Healthcare services often fall short in their efforts to provide the best care possible to everyone they treat.

Sometimes this results from factors in individual health systems. In England, plans to remove national oversight of screening programmes risk undermining patient safety (doi:10.1136/bmj.q1117).1 And, across the UK, a cover up by the NHS and the government hid the truth for decades from tens of thousands of people infected by blood products or blood transfusions (doi:10.1136/bmj.q1139).2 “To save face and to save expense, there has been a hiding of much of the truth,” says Brian Langstaff, the retired High Court judge leading the infected blood inquiry. “The government repeatedly maintained that people received the best available treatment and that testing of blood donations began as soon as technology was available, and both claims were untrue.”

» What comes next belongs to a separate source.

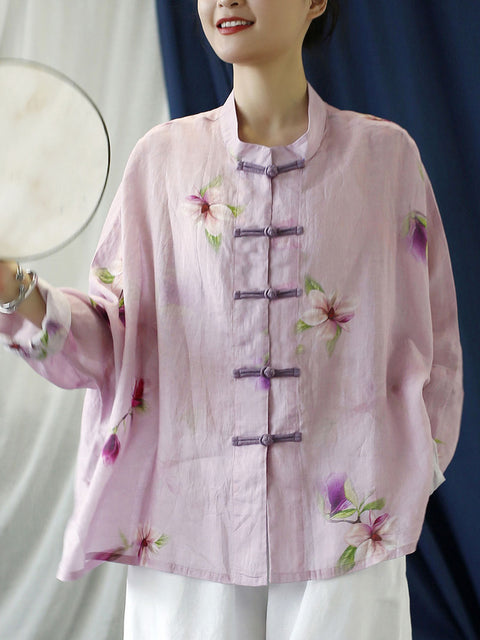 Dámský kabát větší velikosti Vintage Flower Pink Spring Ramie Shirt Coat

Some failures in healthcare concentrate in conditions that don’t receive the attention warranted by their impact on people’s wellbeing and quality of life. For instance, infertility affects one in six people in their lifetime, yet access to assisted reproductive technology remains inequitable globally (doi:10.1136/bmj-2023-077111).3

There are also cultural failings of healthcare as a collective enterprise, and these shortcomings more often affect women and children than they do men. Tessa Gooding (doi:10.1136/bmj.q1046) and Kirsten Furley (doi:10.1136/bmj.q1115) describe how women with pregnancy associated osteoporosis face misdiagnosis, delays to treatment, and additional psychological trauma associated with disbelief about their condition and dismissal of their pain.45

Yet it is heartening to note that we are already seeing movement on several fronts in tackling some of the health issues that affect women and children. Some of that progress is in the form of new policies and guidance for treatment. In the US, regulations have been issued expanding access to unpaid time off during pregnancy, for pregnancy termination, or after childbirth (doi:10.1136/bmj.q1050).6

In the UK, the National Institute for Health and Care Excellence has issued new guidance on identifying and managing familial and genetic risk of ovarian cancer (doi:10.1136/bmj.q807).7 And Kate King and colleagues provide an approach to assessing a child with suspected exposure to toxic household chemicals for those working in community settings (doi:10.1136/bmj-2023-077046).8

There are also advances in our understanding of how we can improve women’s health, maternity care, and outcomes for children. Kevin Cooper and his team show that, for women undergoing conservative surgery to treat endometriosis, postoperative prescription of a long acting progestogen could lower the risk of needing further surgery or second line medical treatments (doi:10.1136/bmj-2023-079006).9 Ahhyung Choi and colleagues find no association between maternal or infant antibiotic use and neurodevelopmental disorders, except for a modest association between exposure to antibiotics during infancy and epilepsy (doi:10.1136/bmj-2023-076885).10

Rachel Kearns and her team show that epidural analgesia during labour is linked to a reduction in severe maternal morbidity (doi:10.1136/bmj-2023-077190).11 The findings might “serve as a catalyst for initiatives aimed at improving equitable access to epidural analgesia during labour, potentially mitigating severe maternal morbidity and improving maternal health outcomes across diverse socioeconomic and ethnic backgrounds” (doi:10.1136/bmj.q1053).12

For all these issues, once the problem has been recognised, and a potential fix identified and shown to work, then efforts to implement that solution are the key to delivering equitable access. In the end, that is how healthcare services will be able to provide the best care possible to everyone they treat.